But such rapid growth brings challenges. Job recruitment and job retention appear to be two categories in which Canary is looking to overcome by culling through available candidates to find who best fits the overall picture of the company.

"North Dakota, the Bakken area, has been a tough recruiting area due to the high cost of living and weather issues," said Tassin. "We are recruiting out of the northern states to find individuals that are used to that type of environment, but what we have noticed is that a lot of these people do not have much industry experience. We will invest in our employees that are interested in a long-term commitment. Our basic recruiting process is we will work with you, get you started, get you trained, and pay accordingly."

"We are basically looking for someone that wants to make a career out of it and that will help our company grow," he added.
"Canary really prefers when our employees can recommend someone," added Jacob. "We know that we can count on what our own people say and recommend."

Canary is now the number one inventory company in North Dakota, which is also the number one oil producing state. In November 2012, North Dakota reached its highest output, yet. With more than 4,910 wells online, the state produced 20,072,728 barrels of oil.

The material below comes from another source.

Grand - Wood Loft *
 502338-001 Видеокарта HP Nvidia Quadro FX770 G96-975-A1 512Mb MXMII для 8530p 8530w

"The Bakken is really our core competency and has been our focus until recently. We always have what the customer wants – that is how we grew in that area," said Tassin. "We are always forecasting, looking at markets, looking at our customers and forecasting with them. We stay one step ahead in order to meet our customer needs."

"We are not finished – we have only started," he stated.

With more than 10 years of journalism experience, Robin Dupre specializes in the offshore sector of the oil and gas industry. Email Robin at rdupre@rigzone.com.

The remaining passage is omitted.